“Türkiye Yüzyılı” kulağa hoş geliyor. Güçlü ekonomi, bağımsız dış politika, bölgesinde söz sahibi bir ülke… Ama mesele sadece slogan değil; bu vizyonun arkasında güven veren bir temel şart.
EKONOMİDE GERÇEKLER
Bugün halkın en büyük sorunu hayat pahalılığı. Enflasyon mutfaktaki yangını büyütüyor, gelir adaletsizliği toplumsal huzuru bozuyor. Gençler eğitim alıp iş bulamıyor, bulsa da umudunu kaybedip yurtdışına gitmenin yollarını arıyor. Bu tabloyla “yüzyıl” değil, günü kurtarmak bile zor.
HUKUK VE LİYAKAT SORUNU
Hukukun üstünlüğü tartışmalı, yargı bağımsızlığı yara almış. Basın özgürlüğü baskı altında, devlet kurumlarında liyakat yerine sadakat öne çıkıyor. Bu eksikler giderilmeden hiçbir vizyon inandırıcı olamaz.
GÖÇMEN YÜKÜ
Milyonlarca göçmen konusu hâlâ çözülmüş değil. Bu mesele hem sosyal düzeni hem ekonomiyi zorluyor. Halk kaygılı, devlet ise net bir yol haritası ortaya koyamıyor.
GÜÇLÜ YANLAR
Elbette artılar da var. Savunma sanayinde elde edilen başarılar göz ardı edilemez. Jeopolitik konum, Türkiye’ye enerji ve ticaret yollarında eşsiz bir fırsat sunuyor. Afrika ve Asya açılımları yeni kapılar aralayabilir.
EN BÜYÜK KOZ GENÇLER
Türkiye’nin asıl gücü genç nüfus. Yeter ki doğru politikalarla desteklensin, beyin göçü tersine çevrilsin. Bu enerji, sadece ülkeyi değil bölgeyi de dönüştürebilir.
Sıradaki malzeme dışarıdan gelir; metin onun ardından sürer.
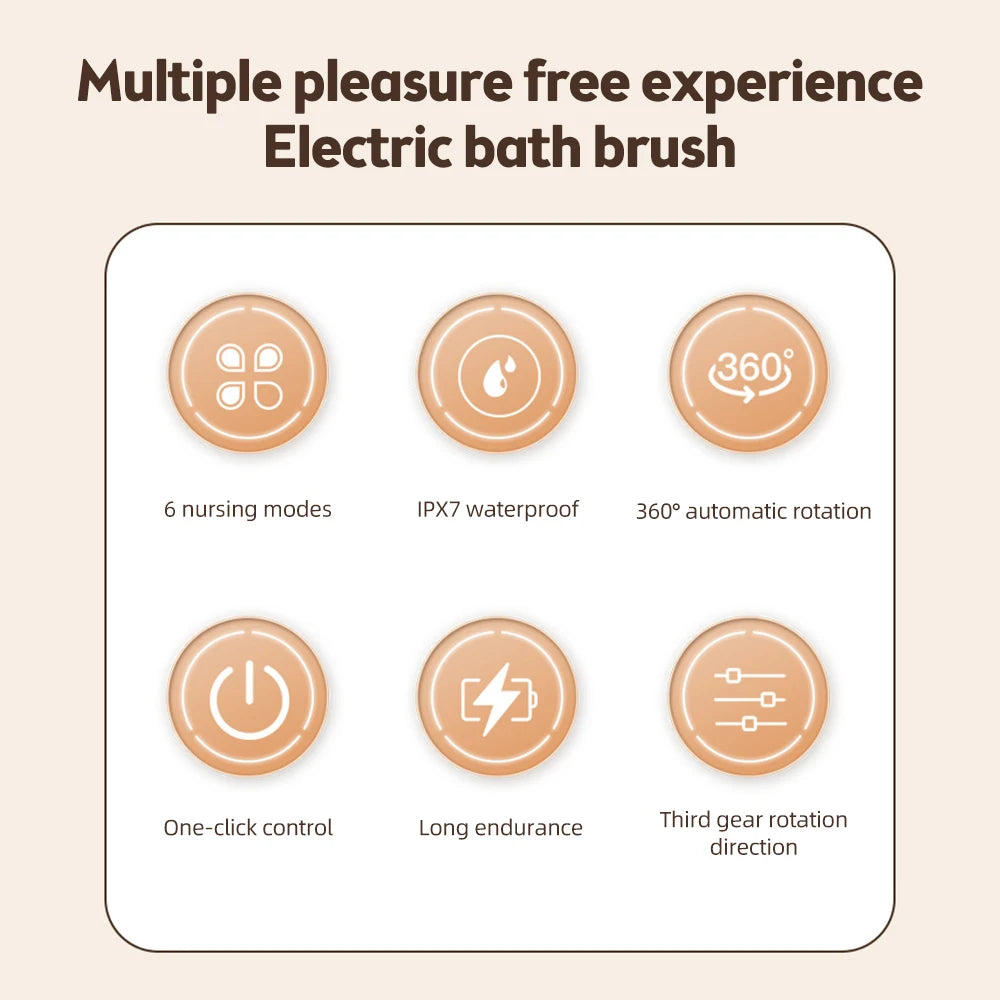 Electric Shower Brush – Rechargeable IPX7 Waterproof, 3-Speed 6-in-1 Wireless Body Scrubber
Türkiye’nin önü açık, ama yolu taşlı. Eğer iktidar, eksiklerini görmezden gelmek yerine cesaretle üzerine giderse, “Türkiye Yüzyılı” bir slogandan fazlasına dönüşebilir. Aksi halde iddialı sözler, boş bir propaganda olarak tarihe geçer.